What is required: Having located "Ripe golden yellow", write out its line and the remaining lines of the material exactly, the last one included, but not the pictures.

Records for this task:
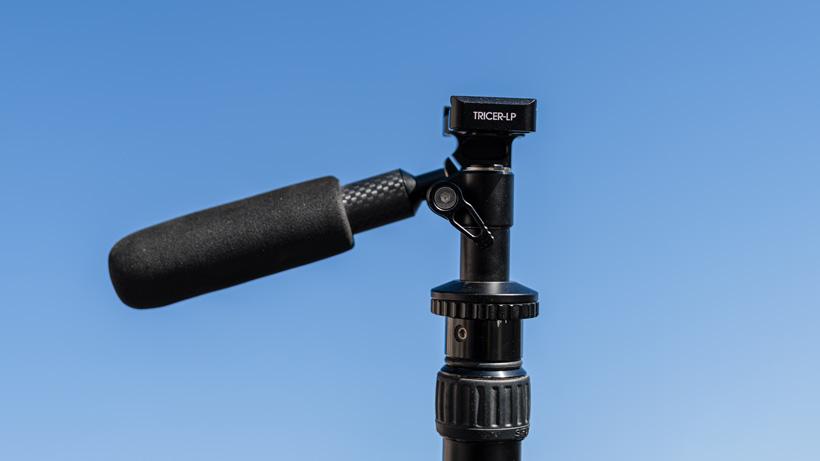 Tricer lp pan head close up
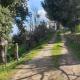Oasi del benessere, Ilbono (Foto 6)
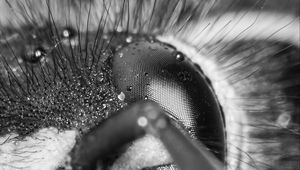 Preview wallpaper wasp, eye, macro, bw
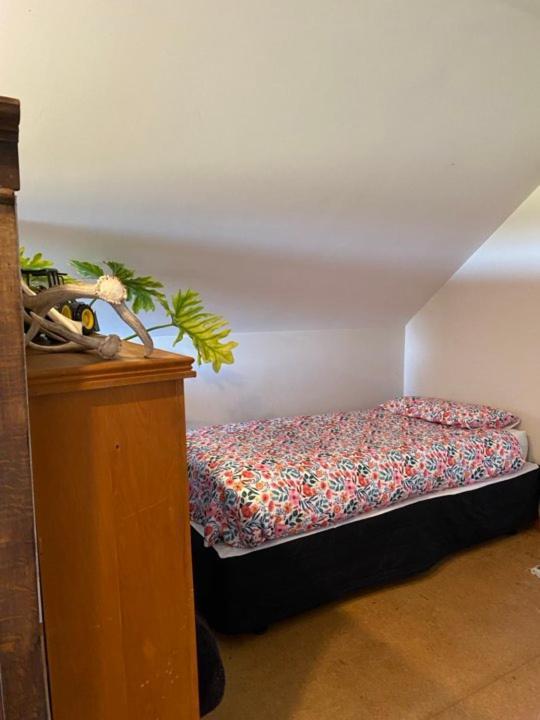 Hadlow Sunrise Retreat Тимару Екстериор снимка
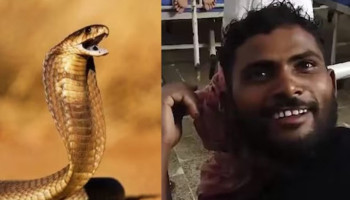 #IndiaToday: Мужчина убил укусившую его ядовитую змею, покусав ее в ответ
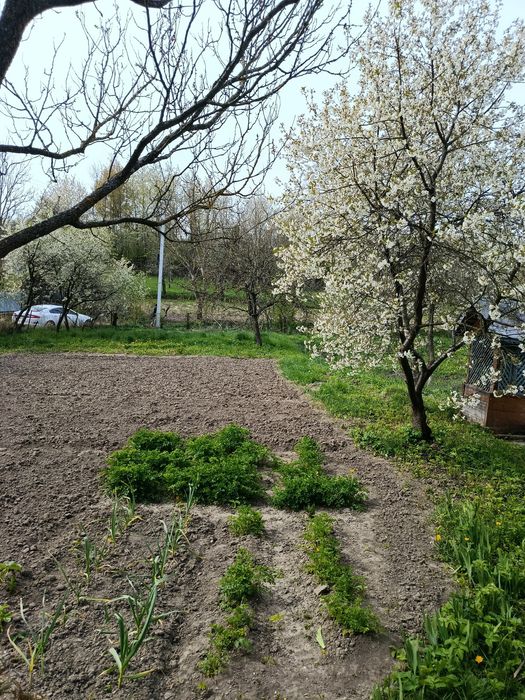 Продаж господарства у Чорнівці (14км до Чернівців)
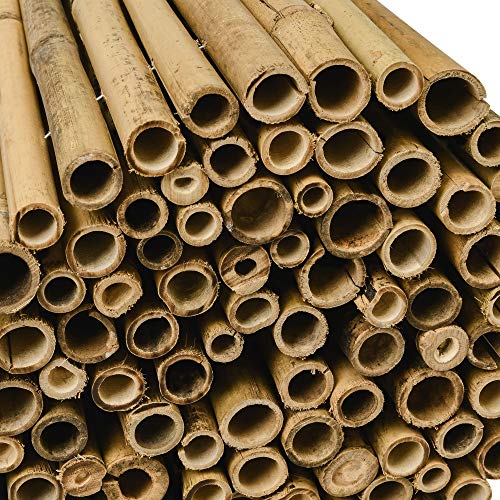 Sol Royal Valla de bambú Protectora SolVision B38 100 x 250 cm (A x L) Estera de privacidad Visual y Viento Natural Balcones terrazas Jardines barandas Cerca con cañas Gruesas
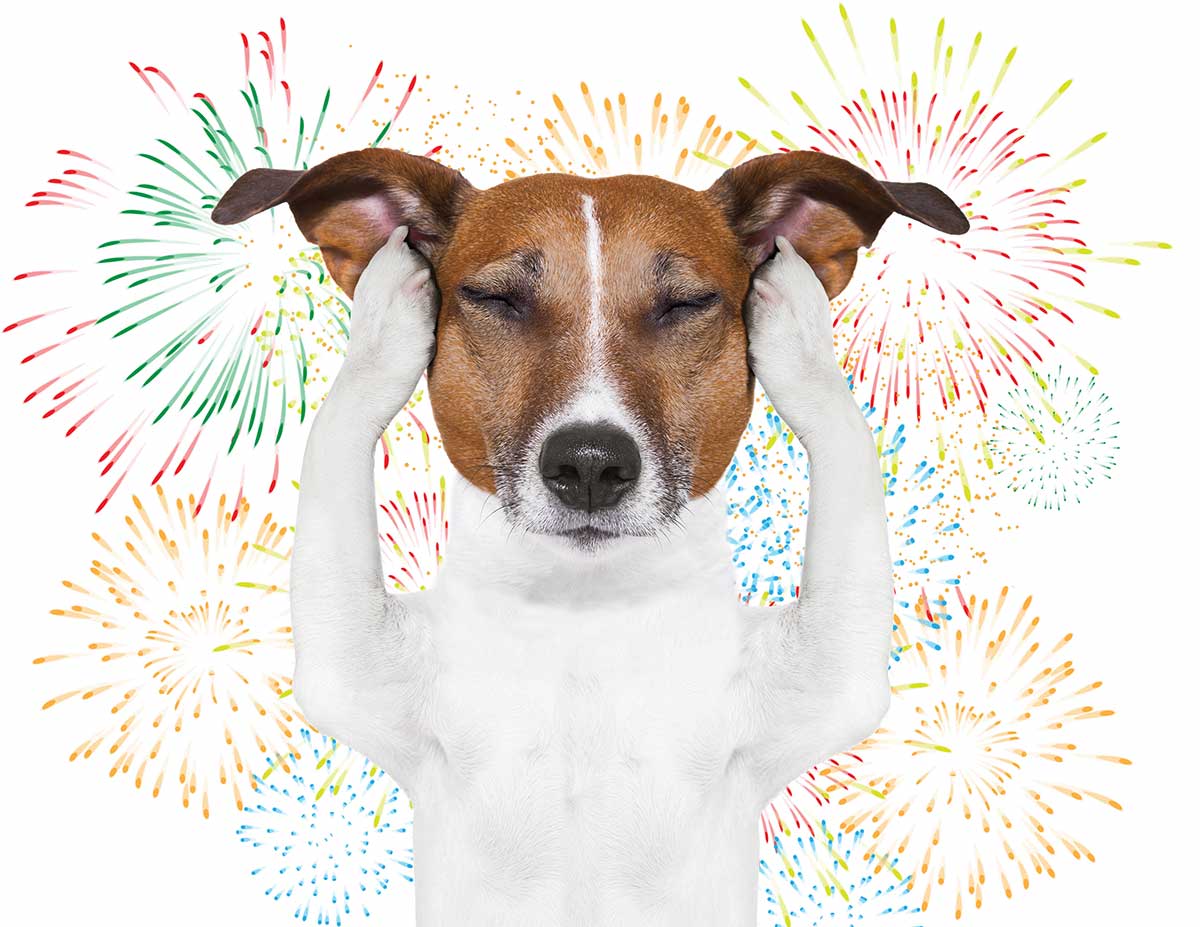 Fireworks Post #4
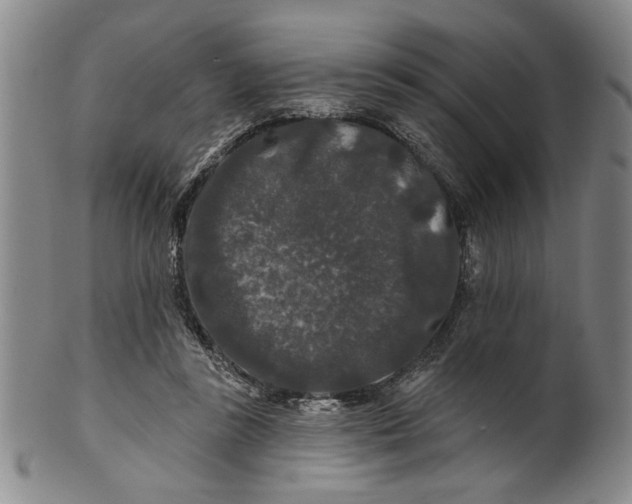 X0000100750355200807101709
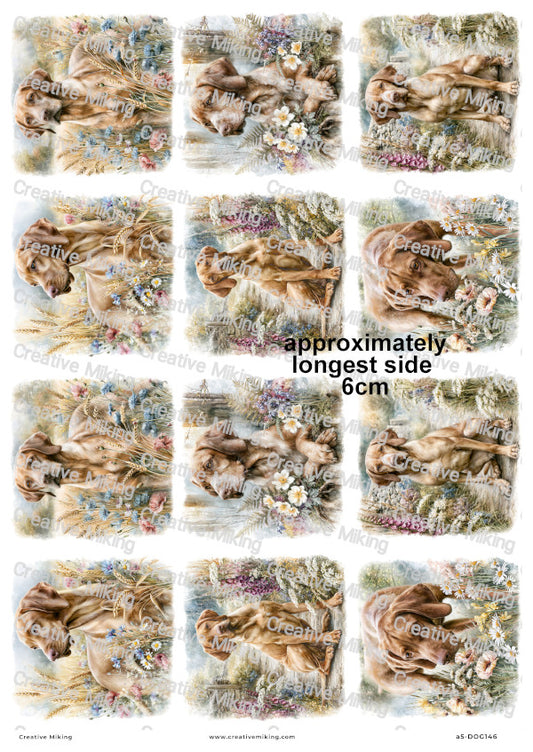 Vizsla Dog Decoupage Rice Paper | DOG146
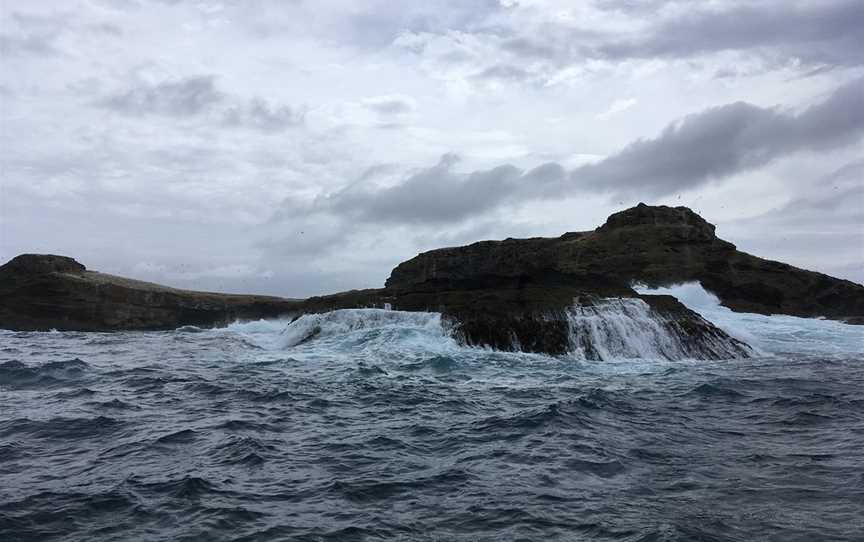 Portland Harbour Tours, Portland, VIC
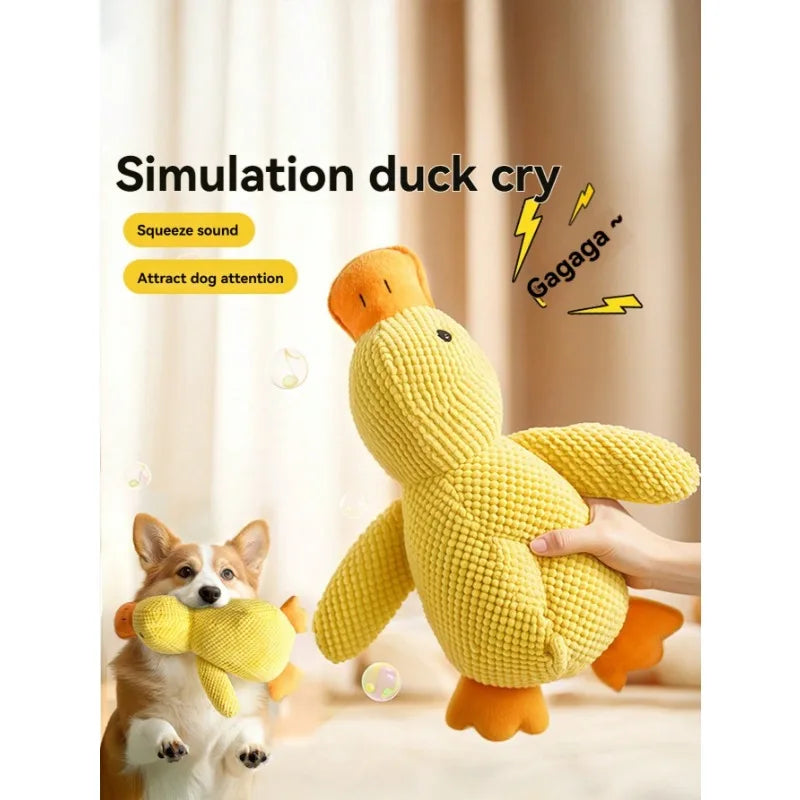 Dog Toys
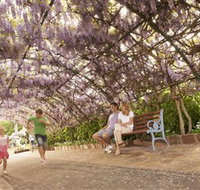 Laurel Bank Park - Taree Accommodation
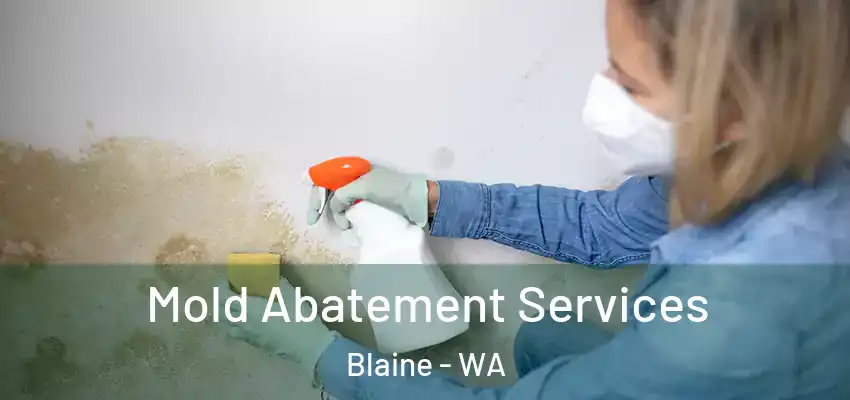  Mold Abatement Services Blaine - WA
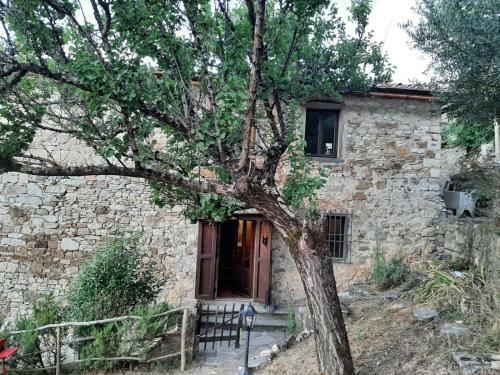 Apartamento Mea Casa Toscana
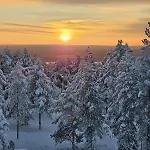 Draft Reindeer For Comfortable Daire Rovaniemi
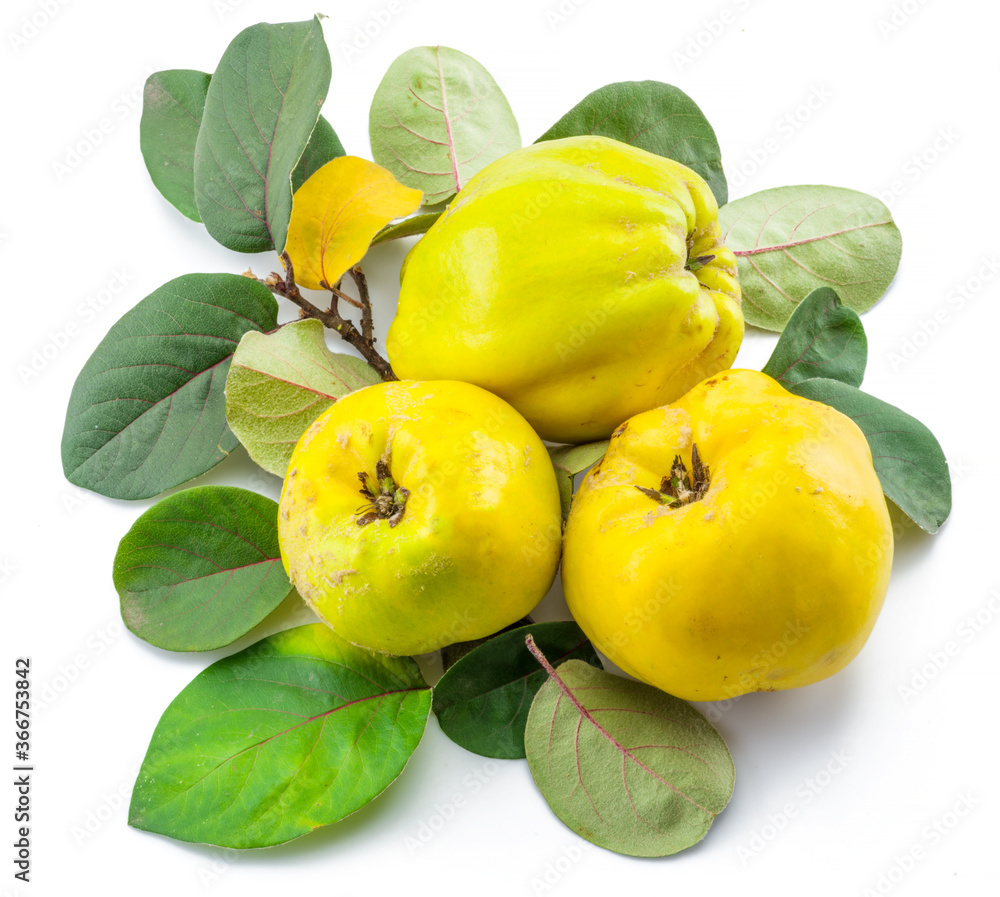 Ripe golden yellow quince fruits isolated on white background.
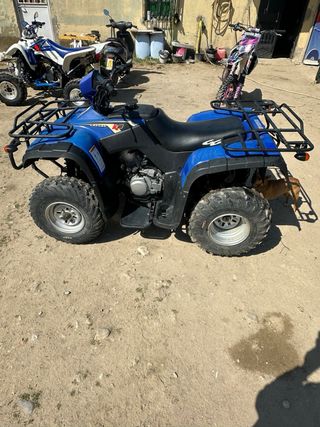 Quad Gas Gas K2 250
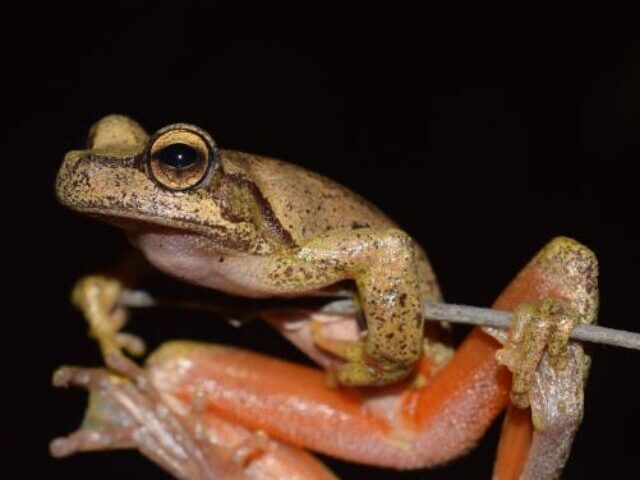 Newcastle University research team closely examining captive-bred Littlejohn's tree frog tadpoles in laboratory containers during their conservation breeding program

Answer box:
 Ripe golden yellow quince fruits isolated on white background.
 Quad Gas Gas K2 250
 Newcastle University research team closely examining captive-bred Littlejohn's tree frog tadpoles in laboratory containers during their conservation breeding program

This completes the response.